The report found that consent mechanisms can vary substantially from country to country, for a variety of reasons such as the type of organisation governing consent, the social and legal context, the risks to individuals or different groups of people, or the technical landscape.
Language can also impact how consent is treated, both in terms of different languages being interpreted differently across borders, but even within the same language. Despite this, there are overarching similarities, like the fact that consent must be clear to customers, using language like ‘informed’, ‘explicit’, ‘affirmative’. Most regimes also emphasise that consent must be ‘free’ or ‘voluntary’, and as easy to revoke as it is to give.
The specific rules of how consent operates, such as duration, restrictions, and punishments are far less universal though, according to the research.
Equifax and the ODI observed the time period for consent to range from 90 days in Europe, to one year in Australia and New Zealand, with most countries not defining this crucial aspect at all.

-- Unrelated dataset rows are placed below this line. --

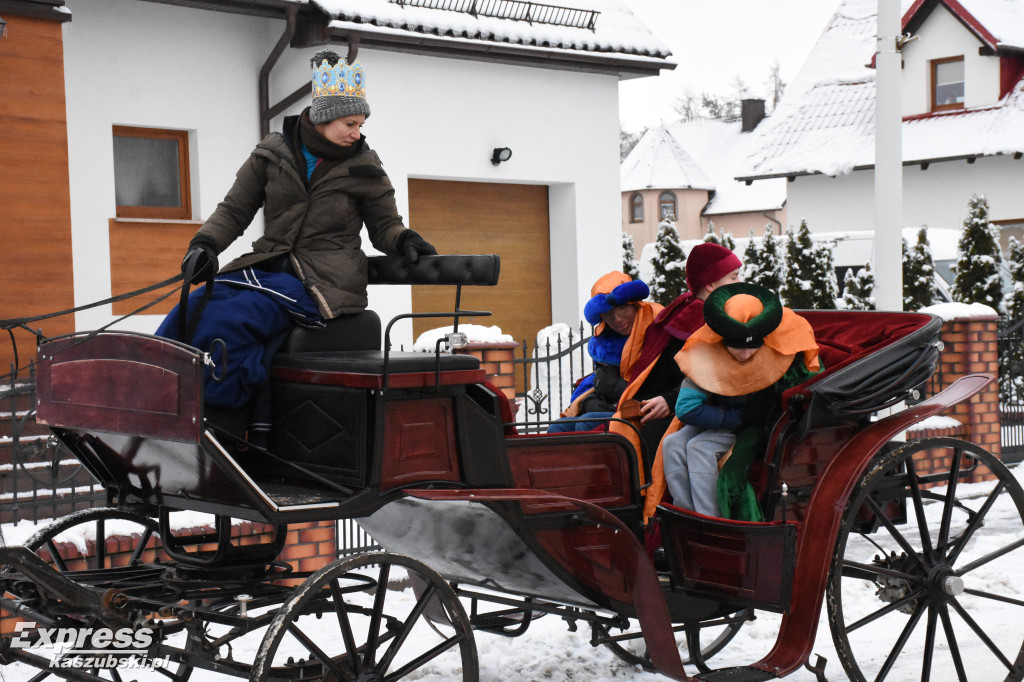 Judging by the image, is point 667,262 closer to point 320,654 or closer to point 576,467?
point 576,467

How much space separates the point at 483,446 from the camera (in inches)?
151

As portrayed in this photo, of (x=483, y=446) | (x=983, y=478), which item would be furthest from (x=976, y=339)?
(x=483, y=446)

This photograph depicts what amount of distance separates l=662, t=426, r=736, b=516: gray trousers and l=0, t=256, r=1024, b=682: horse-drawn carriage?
11cm

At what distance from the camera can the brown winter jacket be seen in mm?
3957

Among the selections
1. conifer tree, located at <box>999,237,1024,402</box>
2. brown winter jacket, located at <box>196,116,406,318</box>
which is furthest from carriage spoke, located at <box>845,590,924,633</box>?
conifer tree, located at <box>999,237,1024,402</box>

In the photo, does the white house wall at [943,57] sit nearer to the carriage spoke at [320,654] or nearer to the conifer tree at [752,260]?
the conifer tree at [752,260]

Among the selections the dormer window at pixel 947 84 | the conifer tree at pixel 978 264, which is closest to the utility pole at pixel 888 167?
the conifer tree at pixel 978 264

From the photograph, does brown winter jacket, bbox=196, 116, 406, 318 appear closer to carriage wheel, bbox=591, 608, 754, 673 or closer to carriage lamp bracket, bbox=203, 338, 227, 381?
carriage lamp bracket, bbox=203, 338, 227, 381

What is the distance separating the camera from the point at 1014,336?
10883 mm

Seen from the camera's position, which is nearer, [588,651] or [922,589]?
[922,589]

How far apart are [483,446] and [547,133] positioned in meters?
9.10

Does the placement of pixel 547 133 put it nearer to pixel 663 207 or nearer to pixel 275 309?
pixel 275 309

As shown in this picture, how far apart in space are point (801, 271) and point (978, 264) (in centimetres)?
353

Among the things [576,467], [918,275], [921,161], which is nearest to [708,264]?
[576,467] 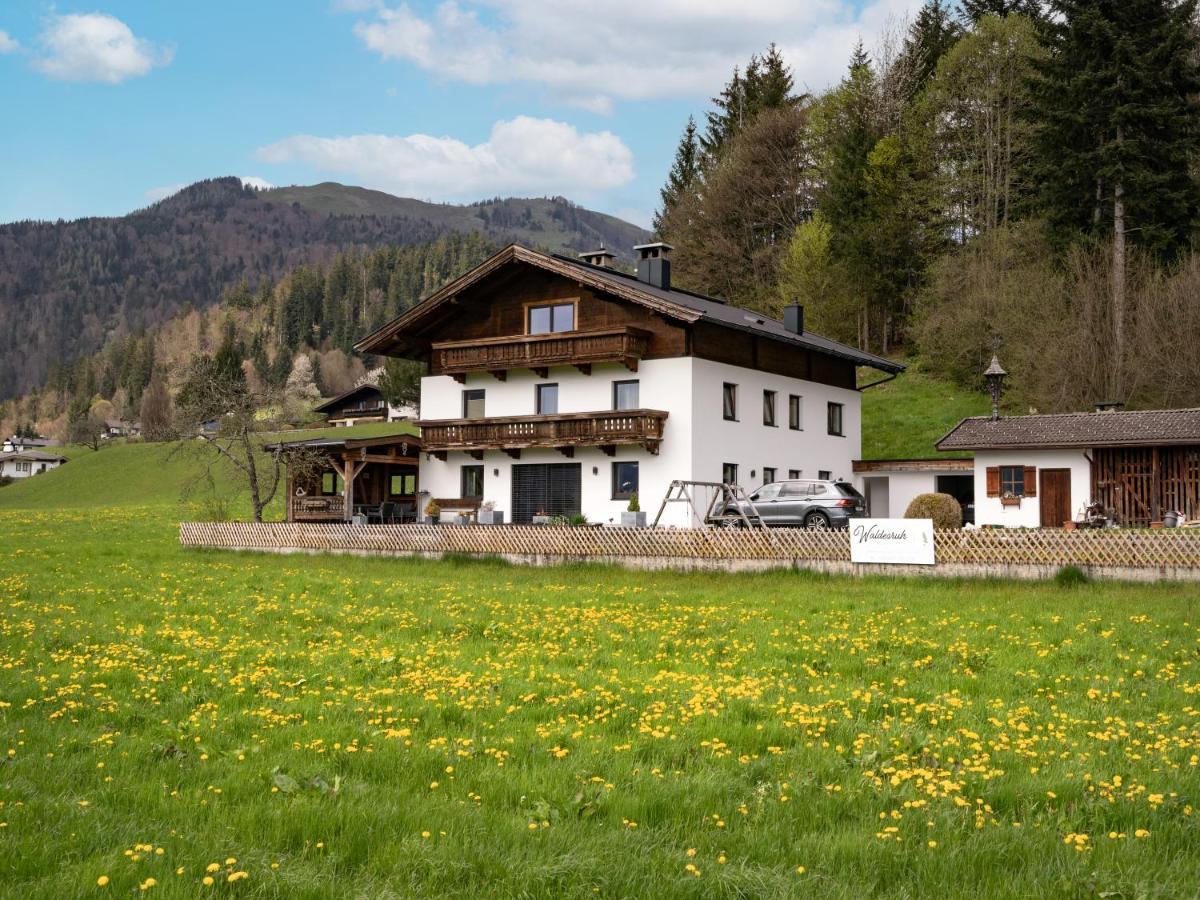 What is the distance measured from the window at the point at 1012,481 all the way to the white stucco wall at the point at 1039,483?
0.16 metres

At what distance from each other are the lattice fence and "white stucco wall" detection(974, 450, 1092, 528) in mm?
11550

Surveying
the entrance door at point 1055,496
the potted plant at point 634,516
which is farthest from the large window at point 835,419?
the potted plant at point 634,516

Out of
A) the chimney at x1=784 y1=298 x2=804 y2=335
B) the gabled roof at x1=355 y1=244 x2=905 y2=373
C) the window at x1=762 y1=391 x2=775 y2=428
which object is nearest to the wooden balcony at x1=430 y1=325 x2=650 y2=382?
the gabled roof at x1=355 y1=244 x2=905 y2=373

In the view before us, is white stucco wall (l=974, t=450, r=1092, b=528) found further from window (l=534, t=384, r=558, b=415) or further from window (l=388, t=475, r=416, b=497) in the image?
window (l=388, t=475, r=416, b=497)

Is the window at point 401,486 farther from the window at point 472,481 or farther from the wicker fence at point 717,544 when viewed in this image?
the wicker fence at point 717,544

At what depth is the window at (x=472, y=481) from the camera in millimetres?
41531

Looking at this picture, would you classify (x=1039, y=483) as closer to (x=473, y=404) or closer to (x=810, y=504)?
(x=810, y=504)

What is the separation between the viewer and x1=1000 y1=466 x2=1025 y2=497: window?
3531 centimetres

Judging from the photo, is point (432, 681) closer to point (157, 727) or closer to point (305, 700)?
point (305, 700)

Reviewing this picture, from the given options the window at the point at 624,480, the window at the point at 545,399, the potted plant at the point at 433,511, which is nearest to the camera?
the window at the point at 624,480

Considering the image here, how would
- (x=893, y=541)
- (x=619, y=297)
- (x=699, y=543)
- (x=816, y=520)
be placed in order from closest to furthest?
1. (x=893, y=541)
2. (x=699, y=543)
3. (x=816, y=520)
4. (x=619, y=297)

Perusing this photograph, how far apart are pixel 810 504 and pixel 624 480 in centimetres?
733

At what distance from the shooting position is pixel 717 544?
25984 mm

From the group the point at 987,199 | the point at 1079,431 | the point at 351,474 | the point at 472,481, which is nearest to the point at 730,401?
the point at 472,481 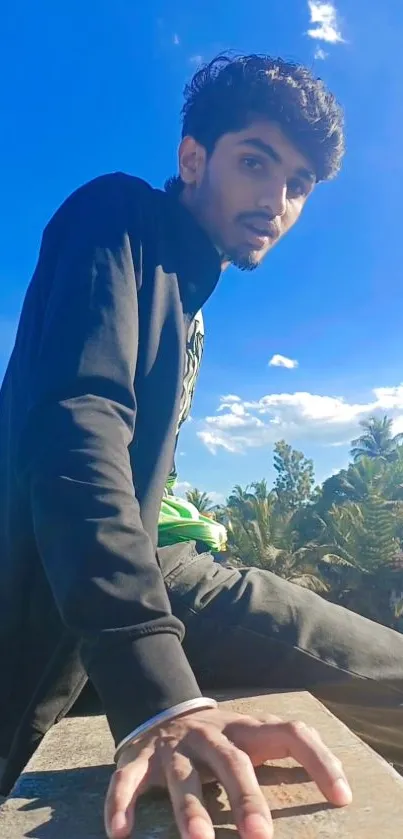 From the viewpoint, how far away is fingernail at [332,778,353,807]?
877mm

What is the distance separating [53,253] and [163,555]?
798mm

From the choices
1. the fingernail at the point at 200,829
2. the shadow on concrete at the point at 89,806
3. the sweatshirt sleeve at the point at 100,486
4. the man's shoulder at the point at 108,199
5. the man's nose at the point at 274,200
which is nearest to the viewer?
the fingernail at the point at 200,829

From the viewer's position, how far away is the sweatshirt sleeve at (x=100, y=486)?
993 millimetres

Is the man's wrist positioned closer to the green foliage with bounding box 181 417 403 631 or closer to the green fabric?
the green fabric

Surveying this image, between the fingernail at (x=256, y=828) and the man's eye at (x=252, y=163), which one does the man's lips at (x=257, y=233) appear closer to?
the man's eye at (x=252, y=163)

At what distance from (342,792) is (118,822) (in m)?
0.31

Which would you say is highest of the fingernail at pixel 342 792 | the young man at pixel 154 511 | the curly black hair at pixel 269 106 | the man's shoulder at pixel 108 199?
the curly black hair at pixel 269 106

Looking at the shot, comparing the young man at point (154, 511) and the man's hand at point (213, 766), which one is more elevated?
the young man at point (154, 511)

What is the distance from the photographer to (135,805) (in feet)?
2.92

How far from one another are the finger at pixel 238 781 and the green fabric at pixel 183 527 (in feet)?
2.93

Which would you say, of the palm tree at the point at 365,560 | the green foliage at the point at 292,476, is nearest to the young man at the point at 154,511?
the palm tree at the point at 365,560

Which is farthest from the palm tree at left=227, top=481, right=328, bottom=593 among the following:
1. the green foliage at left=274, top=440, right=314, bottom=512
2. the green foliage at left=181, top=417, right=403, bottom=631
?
the green foliage at left=274, top=440, right=314, bottom=512

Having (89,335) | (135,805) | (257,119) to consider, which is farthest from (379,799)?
(257,119)

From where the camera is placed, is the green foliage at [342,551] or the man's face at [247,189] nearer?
the man's face at [247,189]
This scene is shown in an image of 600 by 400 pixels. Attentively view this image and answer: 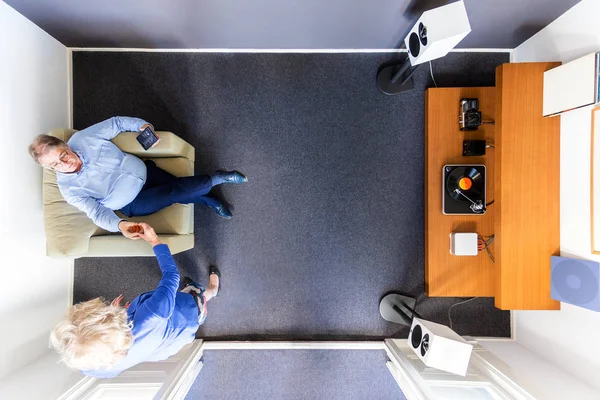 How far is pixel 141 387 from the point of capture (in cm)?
196

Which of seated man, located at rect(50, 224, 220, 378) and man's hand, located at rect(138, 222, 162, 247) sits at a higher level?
man's hand, located at rect(138, 222, 162, 247)

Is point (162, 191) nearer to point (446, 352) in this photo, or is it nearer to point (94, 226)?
point (94, 226)

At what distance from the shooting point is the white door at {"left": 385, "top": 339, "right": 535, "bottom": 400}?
5.77 feet

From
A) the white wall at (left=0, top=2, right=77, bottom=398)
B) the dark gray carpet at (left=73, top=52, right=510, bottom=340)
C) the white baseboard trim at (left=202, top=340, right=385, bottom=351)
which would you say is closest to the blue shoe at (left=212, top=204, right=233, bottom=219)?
the dark gray carpet at (left=73, top=52, right=510, bottom=340)

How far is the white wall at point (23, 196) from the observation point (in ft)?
5.99

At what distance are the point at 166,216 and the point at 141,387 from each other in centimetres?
109

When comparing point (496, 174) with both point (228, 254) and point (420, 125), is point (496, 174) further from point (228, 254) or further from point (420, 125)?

Restrictions tend to be informed by the privacy laws of the different countries, which like consent can be very idiosyncratic across cultures and legal landscapes. The UK and Australia have built whitelists for their Open Banking regimes to control which organisations can participate, while Mexico and New Zealand have been less restrictive in this.
Punishments can range both within and across countries depending on the severity of the infraction.
The report also noted the ‘redirect model’ of obtaining consent is seen worldwide, from Europe to Australia and New Zealand, as well as Nigeria’s Open Banking environment.
As Open Banking is becoming an increasingly multinational movement, and inspiring similar initiatives in other sectors, the report recommended that banks and regulators perform and openly publish further research to make it easier for people and organisations to understand the rules for consent that apply to them.
Patricio Remón, president for Europe at Equifax, said: “With Open Banking becoming a multi-national movement, the importance of research and developing understanding is paramount.
“Each country has its own set of tailored regulations, so it is vital that both consumers and financial institutions are able to understand the consent rules which apply to them and where the special circumstances, definitions and potential pitfalls lie.”
David Beardmore, commercial director at The ODI, added: “Consent is important because it gives people power over how data about them is used, who can access their data, and for what specific purpose - allowing them to confidently opt-in to data sharing environments like Open Banking.
“We now know that consent mechanisms vary substantially from country to country for a variety of reasons, including the social and legal context, the risks to individuals and the technical landscape,” he continued, adding: “Despite this, there are important overarching similarities such as consent being given voluntarily, explicitly, and easily revoked.”